Entries taken from a collection
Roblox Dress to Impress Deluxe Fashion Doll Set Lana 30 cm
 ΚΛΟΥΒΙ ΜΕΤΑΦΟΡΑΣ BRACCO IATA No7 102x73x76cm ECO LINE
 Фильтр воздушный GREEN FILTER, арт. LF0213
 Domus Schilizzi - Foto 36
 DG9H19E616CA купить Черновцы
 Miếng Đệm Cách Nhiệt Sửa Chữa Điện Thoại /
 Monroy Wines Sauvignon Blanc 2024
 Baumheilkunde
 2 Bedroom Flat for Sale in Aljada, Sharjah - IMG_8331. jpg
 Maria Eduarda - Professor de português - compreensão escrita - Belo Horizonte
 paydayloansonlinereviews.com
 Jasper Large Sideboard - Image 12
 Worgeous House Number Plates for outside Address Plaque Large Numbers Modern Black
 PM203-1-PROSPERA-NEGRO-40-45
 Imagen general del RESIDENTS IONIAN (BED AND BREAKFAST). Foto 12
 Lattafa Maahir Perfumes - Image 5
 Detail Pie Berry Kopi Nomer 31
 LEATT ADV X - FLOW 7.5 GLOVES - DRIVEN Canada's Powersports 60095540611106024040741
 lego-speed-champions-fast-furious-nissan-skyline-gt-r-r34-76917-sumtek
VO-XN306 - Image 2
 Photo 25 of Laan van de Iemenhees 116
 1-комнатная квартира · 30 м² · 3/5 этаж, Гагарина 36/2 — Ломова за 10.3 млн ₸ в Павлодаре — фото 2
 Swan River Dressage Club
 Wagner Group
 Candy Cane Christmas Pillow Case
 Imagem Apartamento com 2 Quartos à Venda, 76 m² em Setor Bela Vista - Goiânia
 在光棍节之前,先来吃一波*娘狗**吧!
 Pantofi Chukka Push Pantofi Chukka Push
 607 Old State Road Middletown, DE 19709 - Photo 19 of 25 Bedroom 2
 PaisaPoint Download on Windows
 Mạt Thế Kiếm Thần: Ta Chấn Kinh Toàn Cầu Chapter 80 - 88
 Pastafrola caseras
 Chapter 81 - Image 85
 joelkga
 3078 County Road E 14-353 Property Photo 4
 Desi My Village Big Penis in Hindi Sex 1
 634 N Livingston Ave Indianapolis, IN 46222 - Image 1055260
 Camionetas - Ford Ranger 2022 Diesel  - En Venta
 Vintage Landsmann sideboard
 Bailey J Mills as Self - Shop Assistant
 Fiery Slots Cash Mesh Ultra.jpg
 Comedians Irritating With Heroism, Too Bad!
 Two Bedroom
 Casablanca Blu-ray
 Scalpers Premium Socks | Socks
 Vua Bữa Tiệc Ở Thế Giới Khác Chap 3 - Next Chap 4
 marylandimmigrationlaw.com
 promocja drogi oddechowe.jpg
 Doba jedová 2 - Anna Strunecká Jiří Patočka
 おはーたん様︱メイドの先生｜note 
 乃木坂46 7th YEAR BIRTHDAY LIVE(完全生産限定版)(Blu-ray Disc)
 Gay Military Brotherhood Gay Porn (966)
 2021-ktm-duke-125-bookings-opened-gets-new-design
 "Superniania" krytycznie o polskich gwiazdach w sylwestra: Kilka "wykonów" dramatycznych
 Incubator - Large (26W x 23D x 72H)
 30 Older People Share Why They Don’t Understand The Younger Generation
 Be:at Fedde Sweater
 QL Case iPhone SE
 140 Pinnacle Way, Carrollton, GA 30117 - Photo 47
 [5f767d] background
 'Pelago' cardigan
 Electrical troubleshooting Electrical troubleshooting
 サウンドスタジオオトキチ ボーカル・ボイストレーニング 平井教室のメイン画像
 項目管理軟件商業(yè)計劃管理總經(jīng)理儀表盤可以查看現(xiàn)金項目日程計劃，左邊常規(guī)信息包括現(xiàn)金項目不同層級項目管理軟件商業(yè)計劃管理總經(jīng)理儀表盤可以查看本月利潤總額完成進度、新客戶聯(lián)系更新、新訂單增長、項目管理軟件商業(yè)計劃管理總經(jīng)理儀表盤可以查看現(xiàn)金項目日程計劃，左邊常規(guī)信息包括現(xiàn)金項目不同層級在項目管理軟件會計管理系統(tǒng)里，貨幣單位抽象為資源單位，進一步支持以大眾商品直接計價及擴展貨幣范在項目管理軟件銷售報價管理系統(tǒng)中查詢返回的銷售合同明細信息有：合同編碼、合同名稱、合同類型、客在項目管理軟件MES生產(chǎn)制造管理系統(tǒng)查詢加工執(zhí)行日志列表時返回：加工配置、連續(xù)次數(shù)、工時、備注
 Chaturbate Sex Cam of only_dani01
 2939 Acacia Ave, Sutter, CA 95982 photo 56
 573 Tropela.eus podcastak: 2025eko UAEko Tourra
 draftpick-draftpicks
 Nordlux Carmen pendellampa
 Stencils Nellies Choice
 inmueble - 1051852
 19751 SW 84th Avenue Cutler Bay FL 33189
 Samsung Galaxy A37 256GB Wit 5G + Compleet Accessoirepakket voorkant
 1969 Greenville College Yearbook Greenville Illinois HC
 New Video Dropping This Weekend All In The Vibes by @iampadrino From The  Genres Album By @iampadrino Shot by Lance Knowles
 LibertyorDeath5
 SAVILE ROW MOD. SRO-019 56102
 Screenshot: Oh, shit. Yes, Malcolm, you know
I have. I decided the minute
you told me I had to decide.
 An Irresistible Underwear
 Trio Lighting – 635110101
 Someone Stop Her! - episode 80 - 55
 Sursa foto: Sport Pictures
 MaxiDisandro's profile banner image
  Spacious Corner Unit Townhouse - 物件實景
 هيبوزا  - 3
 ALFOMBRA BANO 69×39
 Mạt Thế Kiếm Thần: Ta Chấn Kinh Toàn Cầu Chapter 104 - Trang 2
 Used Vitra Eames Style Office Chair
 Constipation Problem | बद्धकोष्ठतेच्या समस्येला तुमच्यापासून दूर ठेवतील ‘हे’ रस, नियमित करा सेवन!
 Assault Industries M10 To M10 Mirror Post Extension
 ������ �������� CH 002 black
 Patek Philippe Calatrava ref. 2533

- To do
Pull out every line of the records that includes the string "Toàn".

- Response to this task
 Mạt Thế Kiếm Thần: Ta Chấn Kinh Toàn Cầu Chapter 80 - 88
 Mạt Thế Kiếm Thần: Ta Chấn Kinh Toàn Cầu Chapter 104 - Trang 2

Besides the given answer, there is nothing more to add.